In which Jason and Kate Sweeney review the trailer for Vice Versa. Part of a series of trailer reviews for body-switching comedies of the 70′s, 80′s, and 90′s. 


You know how I can tell this is going to be a good movie? The trailer starts off with a young Fred Savage holding a skull and sassing his dad. It really adds emphasis to your sass when you’re holding a skull. A lot of people don’t know this, but Hamlet’s famous soliloquy in which he’s holding a skull is supposed to be performed in a sassy voice. Hamlet was the Jackée of his time. And Macbeth was the Marla Gibbs. In fact, Shakespeare’s entire body of work was essentially the 227 of the 1600’s.
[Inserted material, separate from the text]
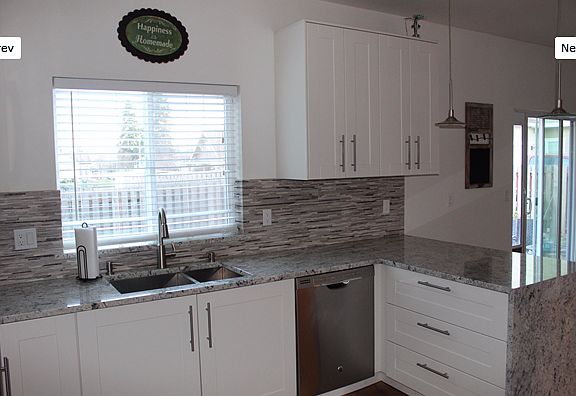 5th image of 314 Stella Ct NW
Even the skull has a sassy expression on its face as it vomits body-swapping magic all over Judge Reinhold and Fred Savage. It’s all like, “Gotcha’, bitches!” Much like Jackée, it has a complete inability to understand context when you’re holding it and making wishes. “Figure of speech? Figure this speech—you need to go out and get new shoes! I can see your rapidly aging toes, you body-switching dummies.”

Another way I know this is going to be a good movie? The trailer describes Judge Reinhold as a “successful businessman and self-professed workaholic” inside of whom “beats the heart of a little boy.” Yikes!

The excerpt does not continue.